Can email not suck?

The (current) extended public health crisis has given me a gratuitous amount of free time. At least, comparatively to before the public health crisis. This past weekend, bored out of my mind, I came across a post from the K-9 developers on Hacker News. This got me thinking a lot more about email and how my use has changed over time.

I use K-9 on Android, and if you do too, you should definitely help fund the app. It’s one of the few choices on Android for email that doesn’t suck. However, this isn’t really about K-9 or their funding. This article kind of got me thinking about email and how I use it, and with an idle mind that had no other immediate priorities I started re-evaluating how I use & interact with email.

I’m writing this mostly because my blog is a blank canvas for my thoughts, and because I can.

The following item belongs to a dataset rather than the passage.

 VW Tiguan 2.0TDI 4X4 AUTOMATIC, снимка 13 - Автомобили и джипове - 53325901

Who cares about email anyways?

In recent years I’ve been taking this attitude more and more. Email certainly is the universal platform (everyone has at least one email address), but I don’t send an awful amount of email myself. Back when I was in grad school email was literally the only way you could talk to some people. I met professors, other students, and faculty from all branches of the university that would put almost their entire lives into email. Nowadays, I suppose this is more likely to happen over Slack, or even Element?

I send a lot less email than I used to. I also receive a lot fewer emails than I used to, or at least, it feels like I do1. All my work communication is handled through Slack, and most of my personal communication will be over Signal or Element. Despite this, email is still pretty good at a number of things, and its not like I could see myself getting rid of it. Ignoring “you need an email address to sign up for X service,” email is still king at:

  • Availability & compatibility. Everyone has an email, everyone can probably receive an email, and everyone can communicate via email. Okay, that last one is a bit of a stretch, but I’ll leave a caveat here that learning to communicate effectively via email is significantly easier than e.g. Twitter. So it’s got that going for it at least.
  • Asynchronous communication. Sure, instant messaging is asynchronous, but is it really? I feel completely comfortable not replying to an email anywhere from an hour up to and including never. I can’t say the same about small Slack notifications.

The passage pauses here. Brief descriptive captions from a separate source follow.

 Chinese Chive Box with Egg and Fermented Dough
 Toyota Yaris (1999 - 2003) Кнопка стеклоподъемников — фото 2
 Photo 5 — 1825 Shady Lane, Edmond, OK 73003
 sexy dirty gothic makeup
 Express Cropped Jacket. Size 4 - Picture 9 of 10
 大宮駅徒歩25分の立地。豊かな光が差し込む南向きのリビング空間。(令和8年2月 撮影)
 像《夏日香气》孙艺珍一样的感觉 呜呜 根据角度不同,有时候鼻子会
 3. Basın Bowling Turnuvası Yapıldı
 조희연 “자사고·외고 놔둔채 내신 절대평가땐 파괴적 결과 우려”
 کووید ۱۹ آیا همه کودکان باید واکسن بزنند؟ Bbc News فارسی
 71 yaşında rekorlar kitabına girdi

There’s good reason to think email isn’t going away anytime soon, so I’m fairly confident that lots of people do care about email, and will continue to do so.

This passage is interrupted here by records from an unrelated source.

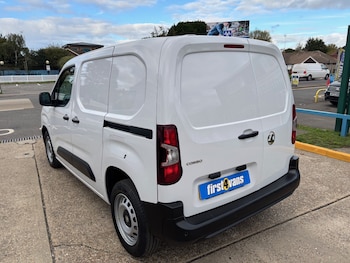 Used Vauxhall Combo 2024 for sale - 76383340: Photo
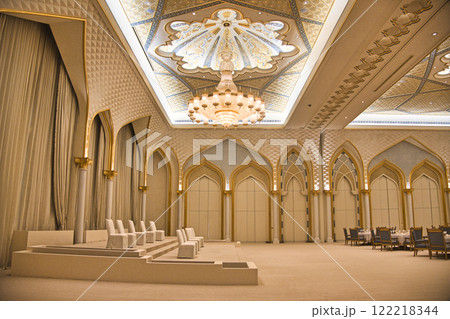 カスル・アル・ワタン宮殿の豪華なシャンデリア 122218344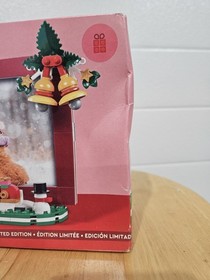 Lego 40702 Limited  Edition Christmas  Picture Frame 209 pcs Retired, New Sealed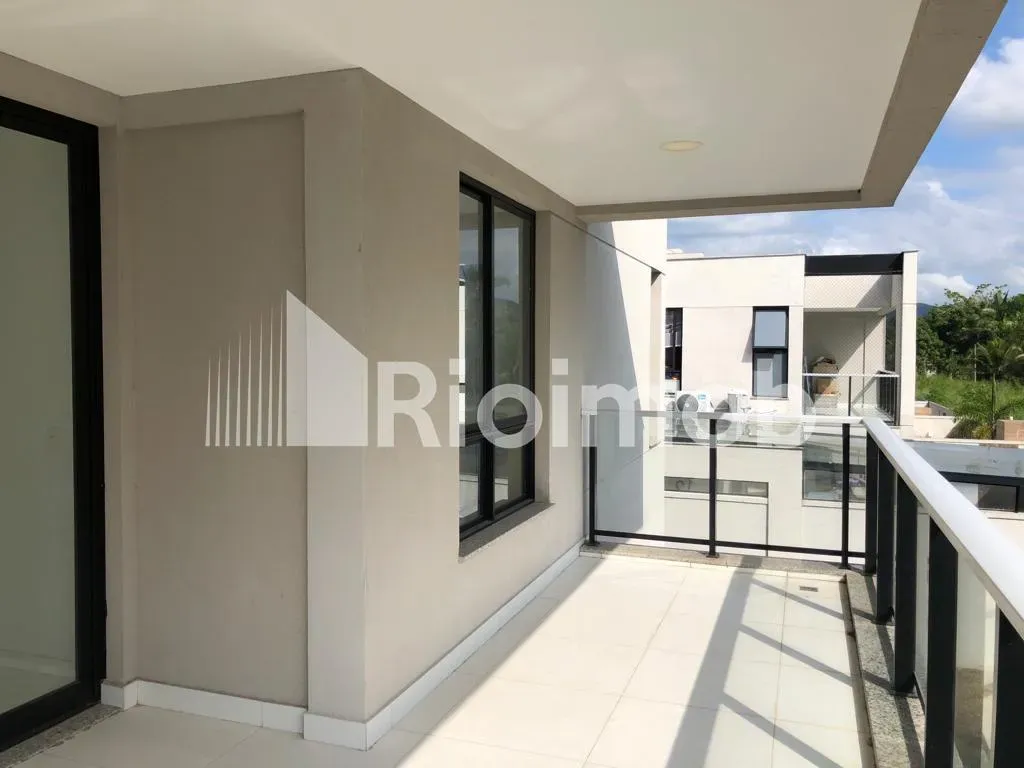 Duplex house with 3 suites and 5 bathrooms, 366 m² — photo 3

Hey (product) cares about email

Thinking about email and how I still use it, I was reminded that Hey exists. Hey is a subscription email service (think, paying for Gmail) that aims to do email radically differently than everyone else. There is a limited amount you can change about email from the get-go, but I went back and watched an entire 37-minute video of their CEO explaining how Hey is different than regular email.

The video is long, and touches on a lot of features. I don’t personally see myself ponying up ~$99 USD a year for email, but I think there’s both some good and bad ideas in there. Some of that probably depends on the volume of email you receive, and like I said, I don’t receive lots. Nonetheless, Hey looks to me more like they changed the frontend for a web-email client more than they changed anything about email itself. This is completely fine, and is not really to detract from their product (a lot of the choices are good!), but don’t go in expecting the behaviour of the protocol to vastly change.

Hey gets a lot of things right. I really like the idea of “surfacing” attachments and details from emails (i.e. displaying them as a separate category and making them much more searchable). If I ever go neck deep into using email to manage my life, this is something that would be a game changer.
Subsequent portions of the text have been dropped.